Thomas v. Hill
| Decision Date | 31 December 1848 |
| Citation | Thomas v. Hill, 3 Tex. 270 (Tex. 1848) |
| Parties | BENJAMIN R. THOMAS, Appellant, v. ISAAC L. HILL, Administrator of BENJAMIN THOMAS, Deceased, Appellee |
| Court | Texas Supreme Court |
OPINION TEXT STARTS HERE
Appeal from Austin County.
Where the plaintiff sued to recover money alleged to have been expended by him in payment of debts of an estate of which he was then the administrator, and the defendant (the administrator de bonis non) pleaded in reconvention, claiming of the plaintiff the hire of certain negroes and proceeds arising from the sale of property belonging to the estate, which he alleged the plaintiff had converted to his own use: Held, that the matters thus pleaded by defendant did not come within the description of such as are prohibited from being pleaded in set-off by the 4th section of the act of 1840, “allowing discounts and set-offs.” [5 Tex. 501;6 Tex. 406;7 Tex. 55;11 Tex. 28.]
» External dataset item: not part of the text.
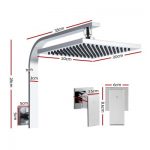 WELS 8" Rain Shower Head Set Bathroom Gooseneck Square Taps Hand Held High Pressure SHOWER-A3-SQ-8-SI-TAP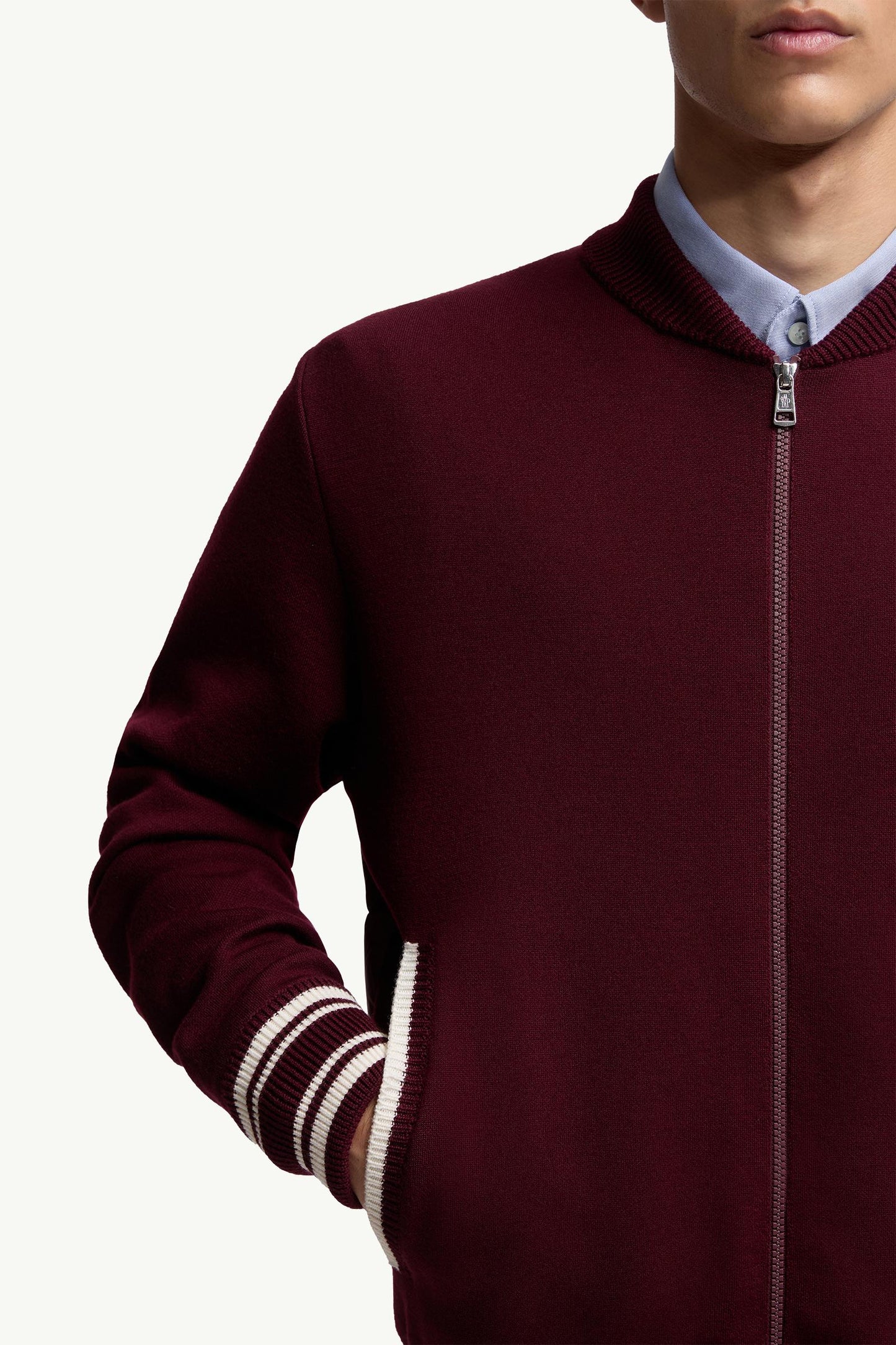 Embroidered Monogram Padded Zip-Up Wool Blend Cardigan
The object of the law in allowing set-offs is to avoid a multiplicity of actions. Where, therefore, the respective demands of the parties are of such a nature as to admit of their being all settled in one action, the law intends that this shall be done.
The right of the plaintiff, in general, to take a nonsuit, is unquestionable; but an application to this effect comes too late after the defendant has pleaded in reconvention.
The appellant brought suit in the district court to the fall term, 1843, alleging that he administered on the estate of Benj. Thomas, deceased, and that, while acting as administrator, he paid debts of the estate to the amount of eleven hundred and forty-eight dollars; that he afterwards resigned the administration, and, that after his resignation, he presented his claim to the administrator de bonis non, who refused to allow it.
At the first term the defendant answered by a general denial, and a plea in reconvention, in which he claimed to recover of the plaintiff sixteen hundred dollars for the hire of negroes belonging to the estate of the decedent, and two hundred dollars, the proceeds of the sale of property of the estate, alleged to have been withheld and appropriated by the plaintiff to his own use. The defendant subsequently amended, claiming of the plaintiff the proceeds of several notes belonging to the estate, and alleged to have been received by the plaintiff while administrator. The plaintiff replied to the plea in reconvention, that the matters so pleaded were not cognizable in the district court, but only in the probate court. He also excepted to the plea upon the ground that the matters therein contained were not the proper subject of set-off and reconvention under the statute.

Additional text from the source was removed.